• PROBLEM
Each record should be retyped word for word.
=== DATASET EXTRACT ===
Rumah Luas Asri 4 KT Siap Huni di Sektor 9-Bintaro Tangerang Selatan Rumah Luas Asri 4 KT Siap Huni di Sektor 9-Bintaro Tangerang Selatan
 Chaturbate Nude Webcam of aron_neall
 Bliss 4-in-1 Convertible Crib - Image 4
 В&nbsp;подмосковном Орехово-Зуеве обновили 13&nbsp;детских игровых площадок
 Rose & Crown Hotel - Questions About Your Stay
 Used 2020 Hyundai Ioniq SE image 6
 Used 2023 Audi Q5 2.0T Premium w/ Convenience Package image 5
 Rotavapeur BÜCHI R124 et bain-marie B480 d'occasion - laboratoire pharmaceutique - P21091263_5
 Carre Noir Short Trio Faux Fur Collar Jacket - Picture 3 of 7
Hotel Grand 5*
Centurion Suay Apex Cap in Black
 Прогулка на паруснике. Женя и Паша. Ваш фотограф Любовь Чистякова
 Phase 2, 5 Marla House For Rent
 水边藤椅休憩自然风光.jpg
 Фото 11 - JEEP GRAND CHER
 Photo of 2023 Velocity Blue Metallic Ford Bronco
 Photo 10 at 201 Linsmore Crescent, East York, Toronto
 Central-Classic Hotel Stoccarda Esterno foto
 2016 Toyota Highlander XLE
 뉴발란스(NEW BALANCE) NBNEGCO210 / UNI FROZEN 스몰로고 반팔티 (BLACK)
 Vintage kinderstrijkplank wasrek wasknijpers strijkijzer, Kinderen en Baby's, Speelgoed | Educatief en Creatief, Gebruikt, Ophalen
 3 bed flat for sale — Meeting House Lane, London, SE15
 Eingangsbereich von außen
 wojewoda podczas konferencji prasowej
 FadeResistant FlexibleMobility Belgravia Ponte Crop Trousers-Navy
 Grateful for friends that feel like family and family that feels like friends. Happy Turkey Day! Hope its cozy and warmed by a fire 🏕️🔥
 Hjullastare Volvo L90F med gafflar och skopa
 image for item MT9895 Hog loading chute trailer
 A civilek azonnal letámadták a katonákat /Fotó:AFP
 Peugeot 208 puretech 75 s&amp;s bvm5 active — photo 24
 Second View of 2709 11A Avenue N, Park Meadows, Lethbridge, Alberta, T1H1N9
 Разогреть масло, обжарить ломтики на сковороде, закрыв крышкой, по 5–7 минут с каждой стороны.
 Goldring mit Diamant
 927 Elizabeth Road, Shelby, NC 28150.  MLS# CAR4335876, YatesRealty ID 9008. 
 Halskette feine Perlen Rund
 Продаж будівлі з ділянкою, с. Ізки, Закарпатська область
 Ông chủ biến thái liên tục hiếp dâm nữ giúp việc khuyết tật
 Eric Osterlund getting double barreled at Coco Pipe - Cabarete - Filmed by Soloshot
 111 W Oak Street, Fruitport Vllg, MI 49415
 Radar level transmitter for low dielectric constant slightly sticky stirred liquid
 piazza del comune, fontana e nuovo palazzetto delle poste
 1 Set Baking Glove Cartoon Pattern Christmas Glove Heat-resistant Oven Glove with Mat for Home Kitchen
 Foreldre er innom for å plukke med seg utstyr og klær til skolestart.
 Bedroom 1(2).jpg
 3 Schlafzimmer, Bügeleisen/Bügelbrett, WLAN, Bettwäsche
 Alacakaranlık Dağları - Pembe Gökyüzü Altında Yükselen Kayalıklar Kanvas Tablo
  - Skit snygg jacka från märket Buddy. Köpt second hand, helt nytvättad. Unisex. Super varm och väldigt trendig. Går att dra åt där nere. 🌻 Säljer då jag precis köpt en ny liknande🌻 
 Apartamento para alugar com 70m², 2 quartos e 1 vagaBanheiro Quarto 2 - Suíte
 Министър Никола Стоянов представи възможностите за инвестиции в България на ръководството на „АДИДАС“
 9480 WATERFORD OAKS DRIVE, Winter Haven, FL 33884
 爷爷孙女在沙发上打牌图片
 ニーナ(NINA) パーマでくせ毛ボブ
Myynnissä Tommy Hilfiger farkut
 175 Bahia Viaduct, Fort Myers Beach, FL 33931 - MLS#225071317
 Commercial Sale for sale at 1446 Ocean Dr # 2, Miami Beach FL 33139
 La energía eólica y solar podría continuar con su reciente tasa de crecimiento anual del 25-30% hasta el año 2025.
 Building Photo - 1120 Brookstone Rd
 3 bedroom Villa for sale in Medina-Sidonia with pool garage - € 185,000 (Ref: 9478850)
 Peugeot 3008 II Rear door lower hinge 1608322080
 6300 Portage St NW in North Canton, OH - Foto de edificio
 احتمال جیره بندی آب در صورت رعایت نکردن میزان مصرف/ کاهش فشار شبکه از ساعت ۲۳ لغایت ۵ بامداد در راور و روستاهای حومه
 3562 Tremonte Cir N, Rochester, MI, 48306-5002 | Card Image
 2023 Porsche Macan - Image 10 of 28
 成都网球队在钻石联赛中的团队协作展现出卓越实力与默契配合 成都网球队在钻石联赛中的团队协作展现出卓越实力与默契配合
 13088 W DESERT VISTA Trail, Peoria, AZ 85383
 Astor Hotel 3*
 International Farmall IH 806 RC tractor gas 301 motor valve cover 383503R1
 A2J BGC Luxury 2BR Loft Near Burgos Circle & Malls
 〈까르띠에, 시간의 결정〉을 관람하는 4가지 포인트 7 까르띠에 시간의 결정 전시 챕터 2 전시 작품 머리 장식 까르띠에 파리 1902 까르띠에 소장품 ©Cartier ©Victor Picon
===
• SOLUTION TO THIS EXERCISE
Rumah Luas Asri 4 KT Siap Huni di Sektor 9-Bintaro Tangerang Selatan Rumah Luas Asri 4 KT Siap Huni di Sektor 9-Bintaro Tangerang Selatan
 Chaturbate Nude Webcam of aron_neall
 Bliss 4-in-1 Convertible Crib - Image 4
 В&nbsp;подмосковном Орехово-Зуеве обновили 13&nbsp;детских игровых площадок
 Rose & Crown Hotel - Questions About Your Stay
 Used 2020 Hyundai Ioniq SE image 6
 Used 2023 Audi Q5 2.0T Premium w/ Convenience Package image 5
 Rotavapeur BÜCHI R124 et bain-marie B480 d'occasion - laboratoire pharmaceutique - P21091263_5
 Carre Noir Short Trio Faux Fur Collar Jacket - Picture 3 of 7
Hotel Grand 5*
Centurion Suay Apex Cap in Black
 Прогулка на паруснике. Женя и Паша. Ваш фотограф Любовь Чистякова
 Phase 2, 5 Marla House For Rent
 水边藤椅休憩自然风光.jpg
 Фото 11 - JEEP GRAND CHER
 Photo of 2023 Velocity Blue Metallic Ford Bronco
 Photo 10 at 201 Linsmore Crescent, East York, Toronto
 Central-Classic Hotel Stoccarda Esterno foto
 2016 Toyota Highlander XLE
 뉴발란스(NEW BALANCE) NBNEGCO210 / UNI FROZEN 스몰로고 반팔티 (BLACK)
 Vintage kinderstrijkplank wasrek wasknijpers strijkijzer, Kinderen en Baby's, Speelgoed | Educatief en Creatief, Gebruikt, Ophalen
 3 bed flat for sale — Meeting House Lane, London, SE15
 Eingangsbereich von außen
 wojewoda podczas konferencji prasowej
 FadeResistant FlexibleMobility Belgravia Ponte Crop Trousers-Navy
 Grateful for friends that feel like family and family that feels like friends. Happy Turkey Day! Hope its cozy and warmed by a fire 🏕️🔥
 Hjullastare Volvo L90F med gafflar och skopa
 image for item MT9895 Hog loading chute trailer
 A civilek azonnal letámadták a katonákat /Fotó:AFP
 Peugeot 208 puretech 75 s&amp;s bvm5 active — photo 24
 Second View of 2709 11A Avenue N, Park Meadows, Lethbridge, Alberta, T1H1N9
 Разогреть масло, обжарить ломтики на сковороде, закрыв крышкой, по 5–7 минут с каждой стороны.
 Goldring mit Diamant
 927 Elizabeth Road, Shelby, NC 28150.  MLS# CAR4335876, YatesRealty ID 9008. 
 Halskette feine Perlen Rund
 Продаж будівлі з ділянкою, с. Ізки, Закарпатська область
 Ông chủ biến thái liên tục hiếp dâm nữ giúp việc khuyết tật
 Eric Osterlund getting double barreled at Coco Pipe - Cabarete - Filmed by Soloshot
 111 W Oak Street, Fruitport Vllg, MI 49415
 Radar level transmitter for low dielectric constant slightly sticky stirred liquid
 piazza del comune, fontana e nuovo palazzetto delle poste
 1 Set Baking Glove Cartoon Pattern Christmas Glove Heat-resistant Oven Glove with Mat for Home Kitchen
 Foreldre er innom for å plukke med seg utstyr og klær til skolestart.
 Bedroom 1(2).jpg
 3 Schlafzimmer, Bügeleisen/Bügelbrett, WLAN, Bettwäsche
 Alacakaranlık Dağları - Pembe Gökyüzü Altında Yükselen Kayalıklar Kanvas Tablo
  - Skit snygg jacka från märket Buddy. Köpt second hand, helt nytvättad. Unisex. Super varm och väldigt trendig. Går att dra åt där nere. 🌻 Säljer då jag precis köpt en ny liknande🌻 
 Apartamento para alugar com 70m², 2 quartos e 1 vagaBanheiro Quarto 2 - Suíte
 Министър Никола Стоянов представи възможностите за инвестиции в България на ръководството на „АДИДАС“
 9480 WATERFORD OAKS DRIVE, Winter Haven, FL 33884
 爷爷孙女在沙发上打牌图片
 ニーナ(NINA) パーマでくせ毛ボブ
Myynnissä Tommy Hilfiger farkut
 175 Bahia Viaduct, Fort Myers Beach, FL 33931 - MLS#225071317
 Commercial Sale for sale at 1446 Ocean Dr # 2, Miami Beach FL 33139
 La energía eólica y solar podría continuar con su reciente tasa de crecimiento anual del 25-30% hasta el año 2025.
 Building Photo - 1120 Brookstone Rd
 3 bedroom Villa for sale in Medina-Sidonia with pool garage - € 185,000 (Ref: 9478850)
 Peugeot 3008 II Rear door lower hinge 1608322080
 6300 Portage St NW in North Canton, OH - Foto de edificio
 احتمال جیره بندی آب در صورت رعایت نکردن میزان مصرف/ کاهش فشار شبکه از ساعت ۲۳ لغایت ۵ بامداد در راور و روستاهای حومه
 3562 Tremonte Cir N, Rochester, MI, 48306-5002 | Card Image
 2023 Porsche Macan - Image 10 of 28
 成都网球队在钻石联赛中的团队协作展现出卓越实力与默契配合 成都网球队在钻石联赛中的团队协作展现出卓越实力与默契配合
 13088 W DESERT VISTA Trail, Peoria, AZ 85383
 Astor Hotel 3*
 International Farmall IH 806 RC tractor gas 301 motor valve cover 383503R1
 A2J BGC Luxury 2BR Loft Near Burgos Circle & Malls
 〈까르띠에, 시간의 결정〉을 관람하는 4가지 포인트 7 까르띠에 시간의 결정 전시 챕터 2 전시 작품 머리 장식 까르띠에 파리 1902 까르띠에 소장품 ©Cartier ©Victor Picon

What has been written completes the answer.